High debt burdens and the need to absorb weapons bought in the early '80s are other causes of the downward trend in arms sales, according to Grimmett. Sales in 1988 were $39.8 billion, in constant dollars.
The Soviet Union and the United States remained the top two providers of weapons to the third world. Both countries saw the value of their arms sales slip but their market share increase. The USSR accounted for 38.4 percent of the market, up from 36.8 percent in 1988. The US share was 26 percent, up from 23 percent in '88.
Western Europe, counted as a single entity, was the third-ranking arms supplier last year. China slipped to fourth. The Chinese emerged as major players in the world arms market in the 1980s, based largely on the strength of sizable shipments to both Iran and Iraq.

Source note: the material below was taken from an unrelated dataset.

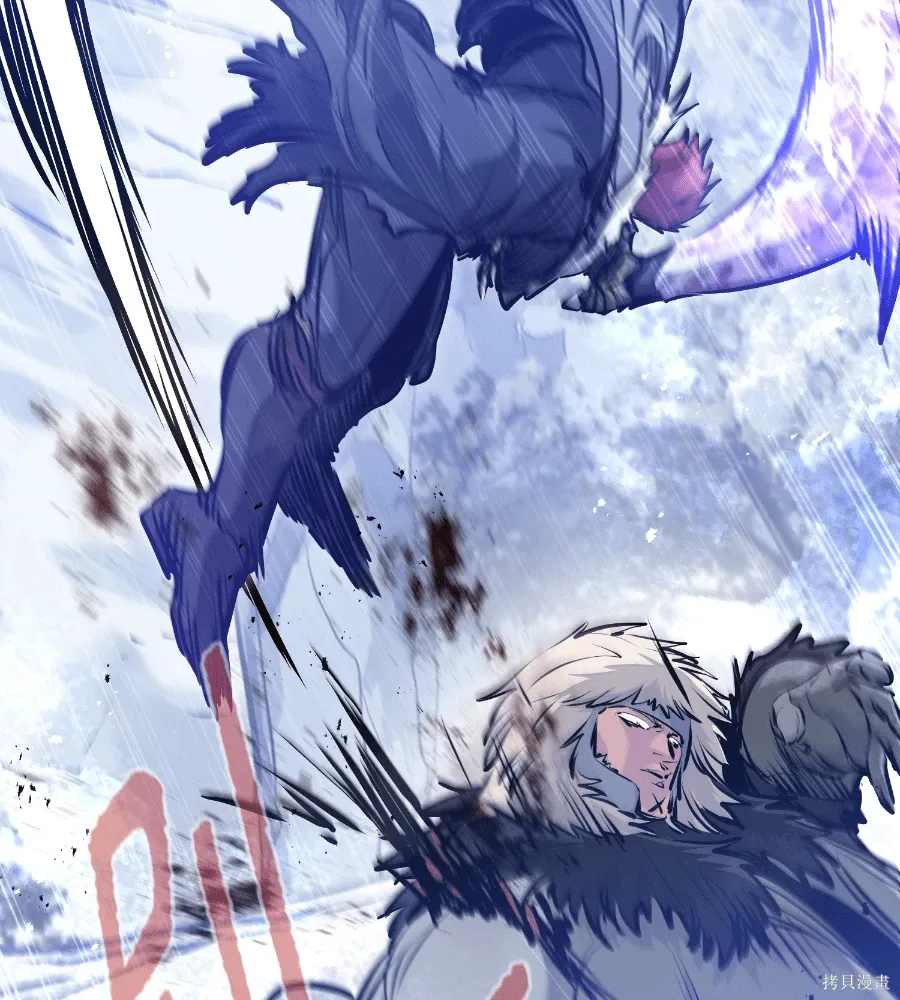 第71话 第140页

``Given China's need and desire to obtain hard currency, it seems likely to continue to pursue arms sales opportunities with enthusiasm,'' Grimmett writes.
The latter years of the 1980s saw many of the traditional big weapons-buyers in the Middle East scale back their arms purchases. Measuring the period 1986-89 against 1982-85, Saudi Arabia arms purchases declined nearly 49 percent. Iraqi arms imports fell 43 percent; Libyan imports dropped 30.3 percent.
Saudi Arabia was still No. 1 in the world in actual arms deliveries last year, receiving $4.9 billion worth of weapons. Afghanistan, one of the few nations whose purchases are fast increasing, was second in deliveries, with $3.8 billion. India was third, at $3.2 billion, and Iraq fourth, at $1.9 billion.
Last year was one of tremendous change in the world, with a significant reduction of tensions between East and West. It's not yet clear whether these changes will filter down to developing nations and result in even more change in the third-world arms market.
With domestic business declining, arms suppliers might compete more fiercely for third-world business. ``Current data suggest that any such competition, if it develops, would be over a smaller third-world arms marketplace than existed in the past,'' the CRS concludes.